Fictions
7.9
Fictions

livre de Jorge Luis Borges (1944)

Fictions est de ces Ossian, Paradoxe du crétois et autres Jean-Baptiste Botul.


Trois astres littéraires trônent dans le ciel des Fictions de Jorge-Luis Borès et pétrissent le monde qu'elles dépeignent.


De fait, Fictions est un recueil de deux recueils qui porte le nom Fictions.
Or, qu'est-ce qu'une fiction? L'art de feindre. Les Fictions que Borgès sont donc une suite de feintes plus virtuoses les unes que les autres. Des feintes nées des artifices ingénieux d'un esprit droll qui joue à perdre son lecteur. Des artifices, ars et facio, faits avec arts, destinés à feinter, qui donnent leur nom à la deuxième section du recueil.
Mais n'allez pas songer pour autant que Borgès est feignant. Non!
Démiurge, il crée des mondes (la Bibliothèque et la Loterie de Babel, Uqbar Orbis Tertius) des oeuvres ( History of the land called Uqbar de Silas de Silas Haslam), des auteurs - quand il ne s'agit pas d'auteurs fictifs auxquels ils prête une vie réelle, n'est-ce pas, mon cher Dr Watson? - (Philippe Ménard, Herbert Quain,Ts'ui Pên) et des citations, dont la plus représentative de l'effet sur ses lecteurs de ses Fictions: "Les miroirs et la paternité sont abominables parce qu'ils (...) multiplient et (...) divulguent [l'univers] ".
Car en effet, Borgès perd son lecteur dans de très courtes fictions qui lui font perdre pied: on ne sait vite plus qui crée et qui est créé, habilement abandonné dans des ruines circulaires. Qu'est-ce qui est miroir du monde et de quoi Borgès peut-il se réclamer le père? Bien malin qui le saura car il semble que Borgès ne le savait plus lui-même.

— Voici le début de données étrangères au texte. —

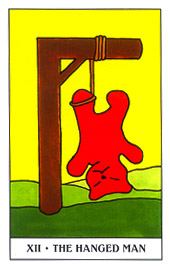 С - Gummy Bear Tarot -  - The Hanged Man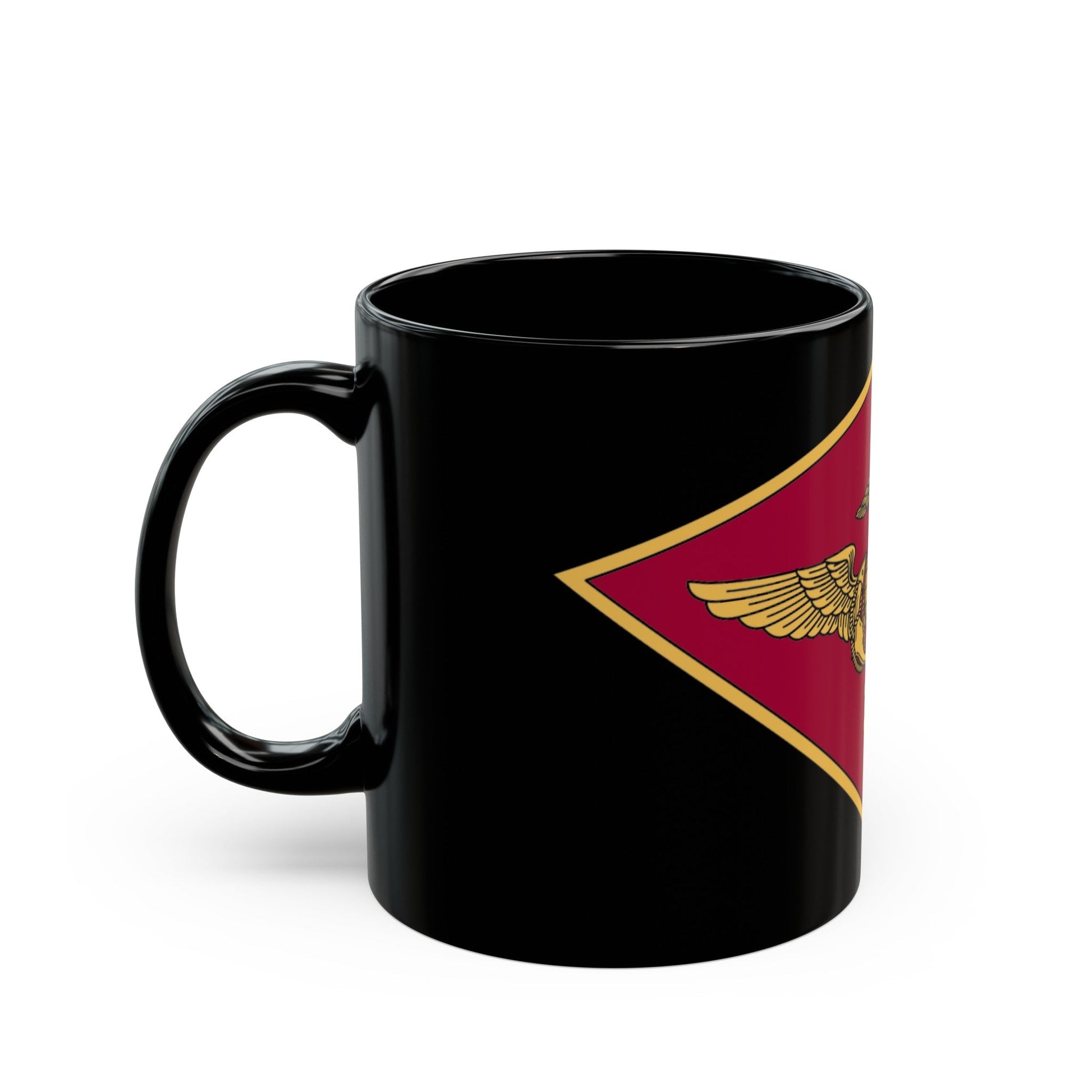 3rd MAW 3D MAW (USMC) Black Coffee Mug-The Sticker Space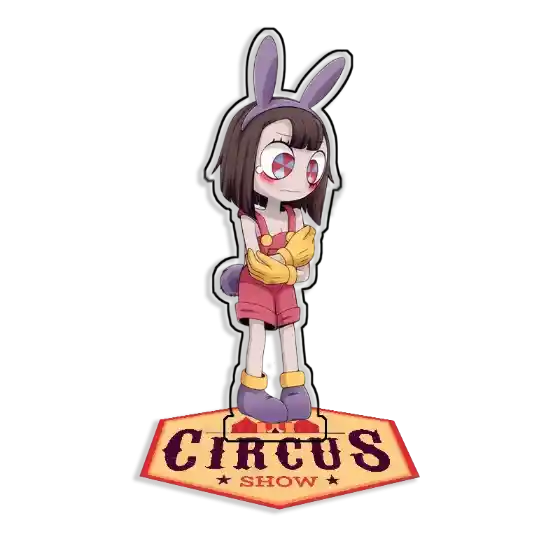 Standing Sign For The Amazing Digital Circus Zooble Jax Ragatha Acrylic Selfmade Cute Anime Custom Charm Phone Personalized, Keychain, Mô Hình Đứng Standee Anime, In 2 Mặt, Cao 6cm, Trang Trí Decor Bàn Học, Balo 4 Standing Sign For The Amazing Digital Circus Zooble Jax Ragatha Acrylic Selfmade Cute Anime Custom Charm Phone Personalized, Keychain, Mô Hình Đứng Standee Anime, In 2 Mặt, Cao 6cm, Trang Trí Decor Bàn Học, Balo - Ảnh 4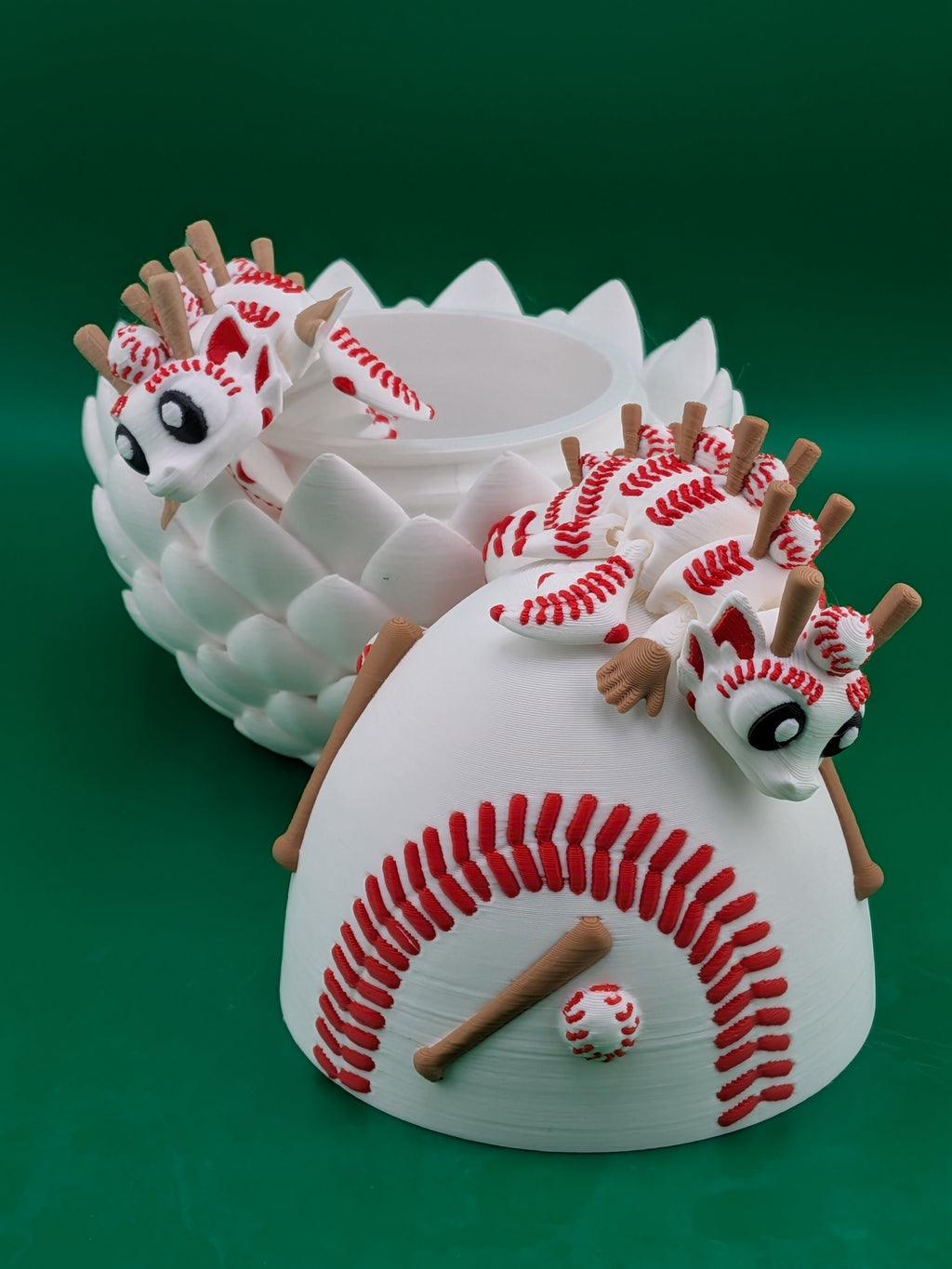 ⚾🐉 Baseball Dragon Egg Bundle | Articulated "Twin-Dragon" Home Run Set ✨🏟️
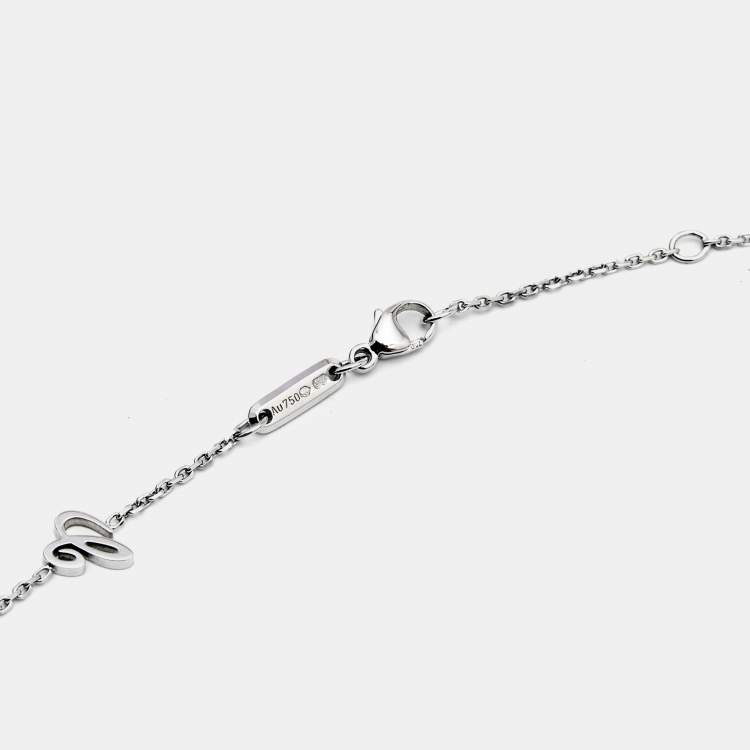 Pre Owned Chopard Happy Diamonds 18k White Gold Pendant Necklace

Ce qui m'amène au second astre.
En plus de celui du fantastique qui lie inextricablement leurre et mimétisme du réel, sa terrible mais jouissive conséquence: le labirynthe.
Le Jardin aux sentiers qui bifurquent et les Ruines circulaires ne sauraient être de meilleures périphrases pour cet incomparable dédale littéraire où les jeux sur les nom ( Lönrot, Albert) comme les épigraphes (celui tiré d'Alice en particulier) servent de fil d'Ariane.
Mais qui peut se fier à Ariane là où, comme le dirait Pascal, "le centre est partout et la circonférence nulle part"? Là où tout est géométrie et figures pour mieux perdre le voyageur?
Deux clefs: les nombreuses références aux Mille et une nuits et les variations sur le Martin Fierro de José Hernandez. Borgès s'improvise le héros gaucho, le Dom Quichotte ménardien pour secouer et réveiller le monde endormi dans ses certitudes en usant de plusieurs petites fictions qui l'amène à mettre le désordre où semble l'ordre, à poser la question où s'impose la convention et le principe, à s'étonner et se surprendre du monde environnant comme dans les contes orientaux. Pour empêcher que le sommeil de la raison (que d'autres appellent le monde comme il va) n'engendre des monstres, comme dit le peintre au nom d'une chanteuse pour enfants.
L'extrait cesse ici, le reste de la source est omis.